The swapon and swapctl utilities are used to control swap devices in the system. At boot time all swap entries in /etc/fstab are added automatically when the system goes multi-user. Swap devices use a fixed interleave; the maximum number of devices is unlimited. There is no priority mechanism.

The swapon utility adds the specified swap devices to the system. If the -a option is used, all swap devices in /etc/fstab will be added, unless their "noauto" or "late" option is also set. If the -L option is specified, swap devices with the "late" option will be added as well as ones with no option. If the -q option is used, informational messages will not be written to standard output when a swap device is added. The -E option causes each of following devices to receive a BIO_DELETE command. This command marks the device's blocks as unused, except those that might store a disk label. This marking can erase a crash dump. To delay swapon for a device until after savecore has copied the crash dump to another location, use the "late" option.

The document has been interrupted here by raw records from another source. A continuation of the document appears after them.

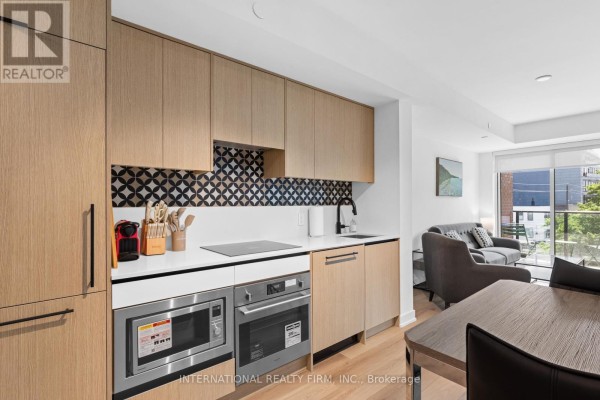 Dining room - 409 - 5 Lakeview (short Term) Avenue, Toronto, ON M6H0H3 Photo 2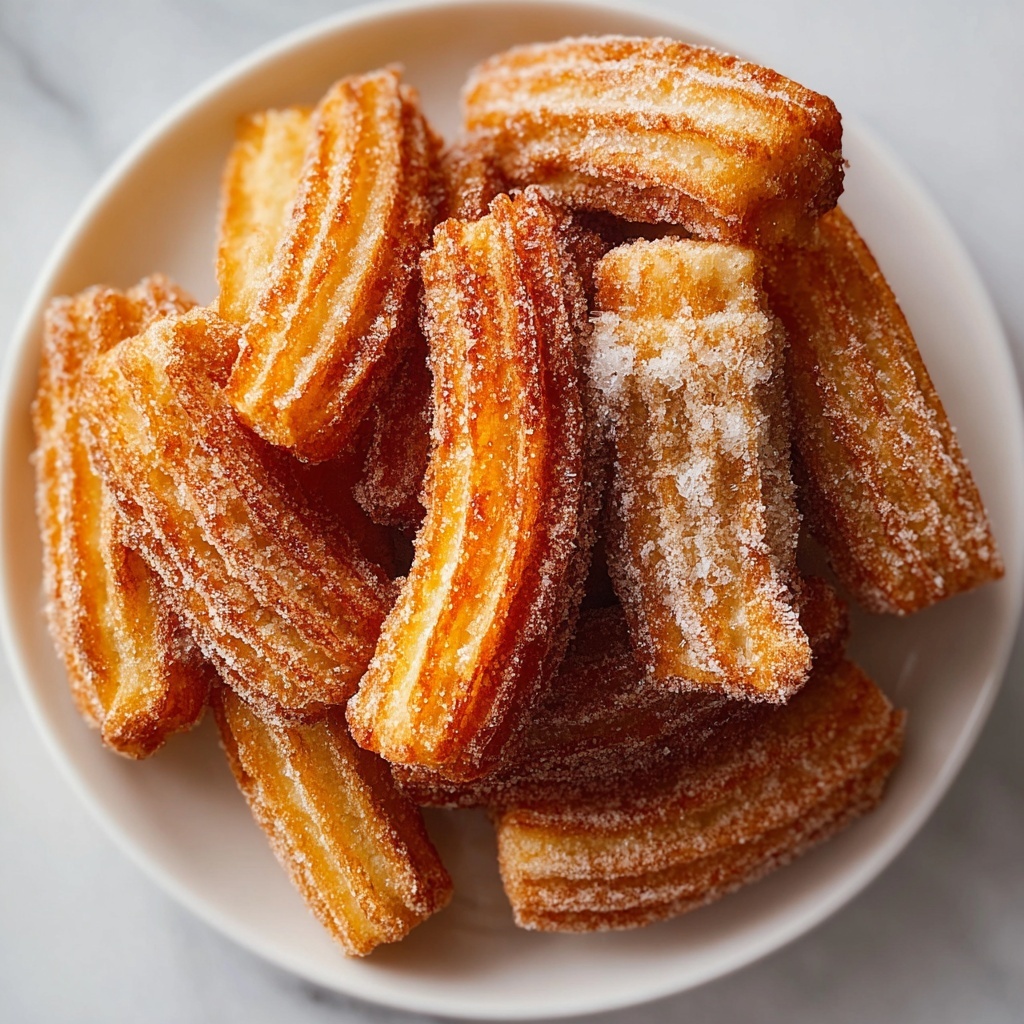 Fluffy Air Fryer Churro Bites Recipe - Recipe Image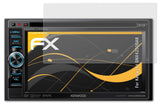 atFoliX Panzerfolie kompatibel mit Kenwood DNX4250DAB, entspiegelnde und stoßdämpfende FX Schutzfolie (3X)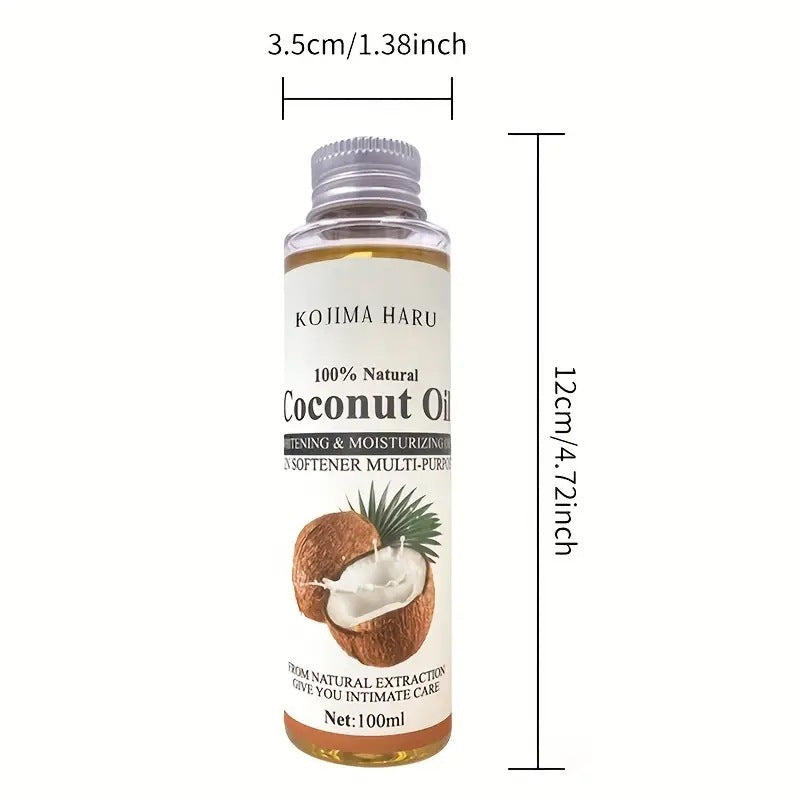 Coconut Massage Essential Body Oil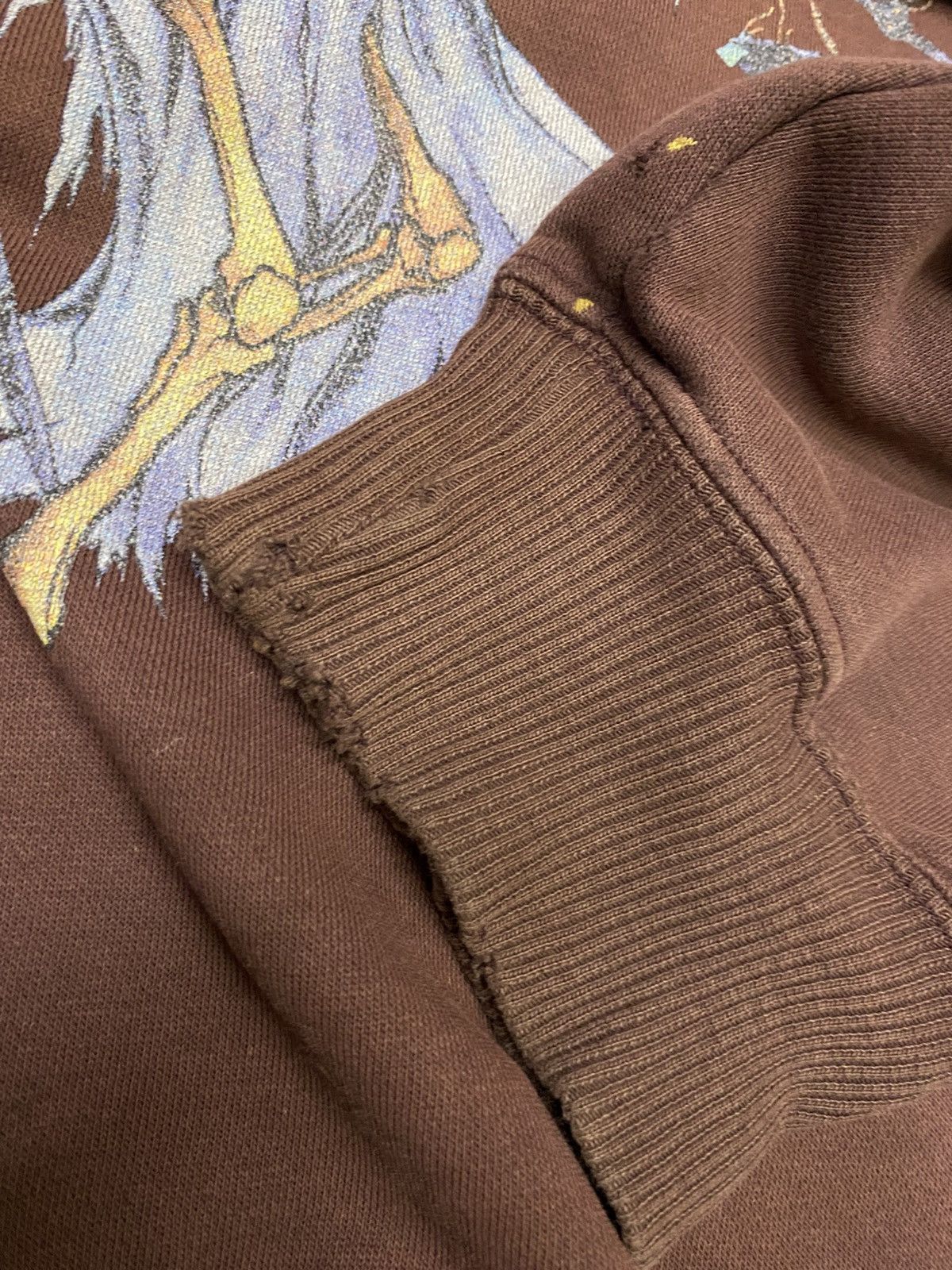 Japanese Brand Japanese GU X Metalicca Band Baggy Distressed Sweatshirt Size US M / EU 48-50 / 2 - 16 Thumbnail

The swapoff utility removes the specified swap devices from the system. If the -a option is used, all swap devices in /etc/fstab will be removed, unless their "noauto" option is also set. If the -L option is specified, only swap devices with the "late" option will be removed. If the -q option is used, informational messages will not be written to standard output when a swap device is removed. Note that swapoff will fail and refuse to remove a swap device if a very conservative check does not conclude that there is sufficient VM (memory + remaining swap devices) to run the system. The -f option turns off this check, which could deadlock the system if there is insufficient swap space remaining.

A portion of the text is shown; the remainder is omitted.